Im Kreislauf der Ausbeutung

Service Schattenarbeit macht den Kunden zum Gratis-Dienstleister an sich selbst. Freie Zeit schwindet, Stress steigt. Also werden unterbezahlte Hilfskräfte gebraucht
Ausgabe 13/2019

Nein, der fesselndste Moment in Psycho ist nicht der berühmte Mord in der Dusche. Mag Alfred Hitchcock in seinem Film für 45 Sekunden auch über 70 Kamerapositionen gewählt und die Sequenz ungeheuer gewalttätig dargestellt haben, die anschließende Abfolge banaler Verrichtungen des Motelbesitzers Norman Bates berührt einen noch mehr. Zehn Minuten dauert die Szene, und sie zeigt Bates bei nichts anderem als dem Schrubben des Badezimmers.

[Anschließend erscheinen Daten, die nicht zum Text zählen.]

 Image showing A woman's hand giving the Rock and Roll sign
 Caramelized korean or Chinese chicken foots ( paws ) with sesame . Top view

In schnellen Schnitten und vielen Nahaufnahmen leuchtet der Regisseur alle Details des Reinigungsaktes aus. Die Kamera zeigt die Sorgfalt, mit der Bates die Armaturen und die Wanne putzt. Sie suhlt sich in der Leidenschaft, mit der er den Dreck und die Leiche entsorgt. Der Clou besteht darin, dass sich das Publikum mit der arbeitenden Person identifiziert. Das gilt auch dann, wenn man die Handlung dieses 1960 erschienenen Films kennt und weiß, dass Bates der Mörder ist.

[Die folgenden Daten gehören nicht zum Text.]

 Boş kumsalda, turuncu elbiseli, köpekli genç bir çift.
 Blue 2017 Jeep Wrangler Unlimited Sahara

In François Truffauts Interviewbuch Mr. Hitchcock, wie haben Sie das gemacht? erklärt der Regisseur, es sei ihm bei Psycho weder um den Inhalt noch um eine Botschaft gegangen, sondern ausschließlich darum, „eine Massenemotion zu schaffen“. Warum ihm das mit einer extrem langen und trivial wirkenden Szene besonders gut gelungen ist, hat der Philosoph Slavoj Žižek einmal psychoanalytisch erklärt. Seine These: Viel befriedigender als der schöpferische Akt ist es, etwas fortzuschaffen, wegzuräumen, abzuliefern.

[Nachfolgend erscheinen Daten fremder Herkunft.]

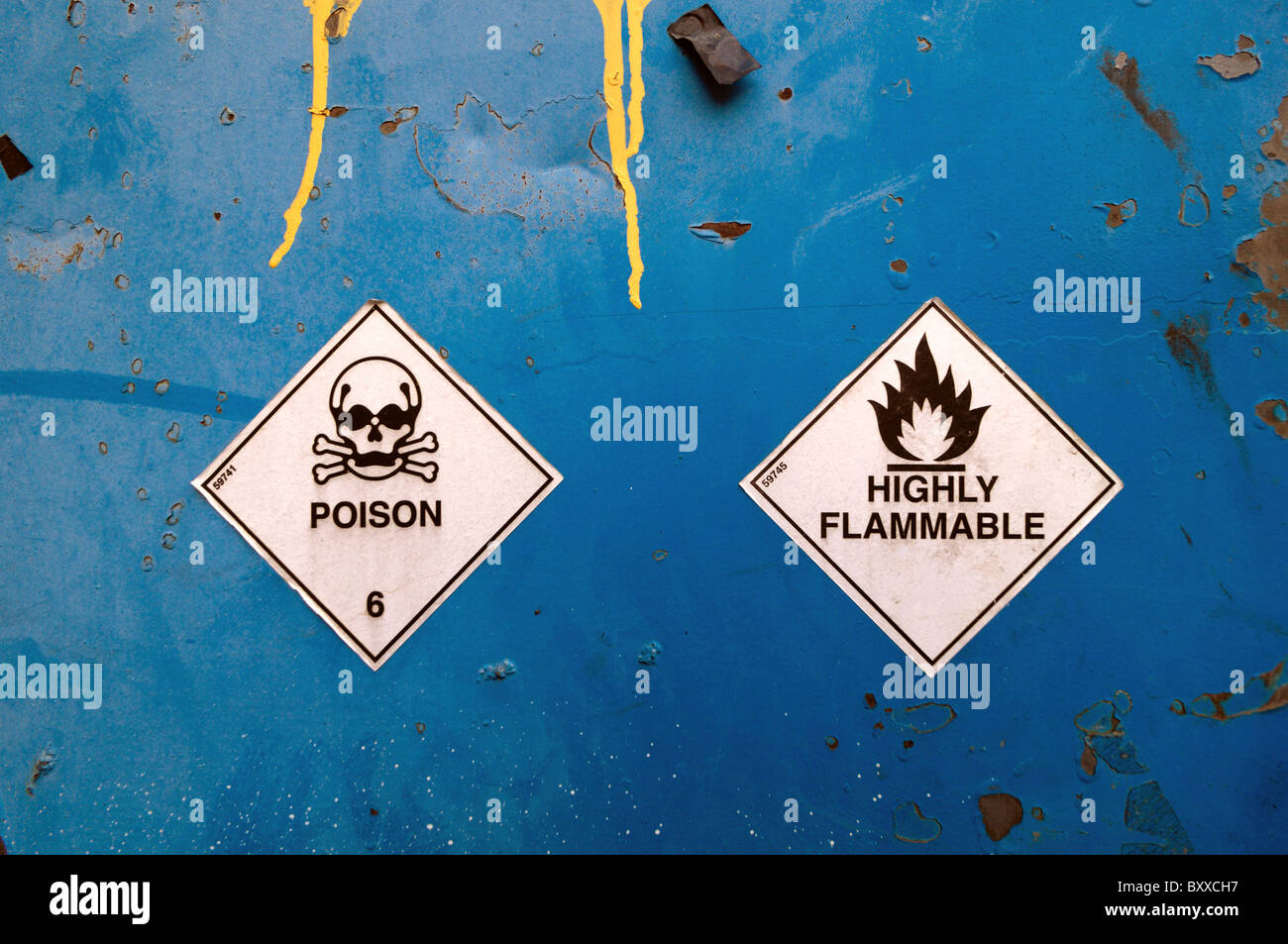Blue rusting surface with warning signs attached. Stock Photo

Vielleicht erklärt dieser Umstand nicht nur den derzeitigen Hype um die Netflix-Serie der Ordnungsberaterin Marie Kondō. Er könnte auch verständlich machen, warum wir in Schnellrestaurants so klaglos unser Tablett selbst wegräumen, weshalb wir uns an die Abwesenheit eines Tankwarts an der Zapfsäule gewöhnt haben, wieso wir im Bekleidungsgeschäft nach dem Anprobieren alles wieder an einen eigens errichteten Ständer hängen und wozu wir den Einkaufswagen auch dann bereitwillig über den Parkplatz vor dem Supermarkt in ein Häuschen schieben, wenn wir gar nicht allzu sehr an unserer zuvor als Pfand hineingesteckten Geldmünze hängen.

Rund-um-die-Uhr-Filiale

Es mag zur Gewohnheit geworden sein, aber selbstverständlich ist es darum noch lange nicht, dass Kunden solche Arbeiten erledigen. Soziologen sprechen bei diesem seit Jahrzehnten schleichend sich vollziehenden Prozess von „Schattenarbeit“. Unternehmen setzen sie gezielt ein, um Kosten zu sparen. Gerd-Günter Voß, emeritierter Professor für Industrie-Soziologie an der Ludwig-Maximilians-Universität München, hat das Phänomen in seinem 2005 erschienenen Buch Der arbeitende Kunde. Wenn Konsumenten zu unbezahlten Mitarbeitern werden untersucht.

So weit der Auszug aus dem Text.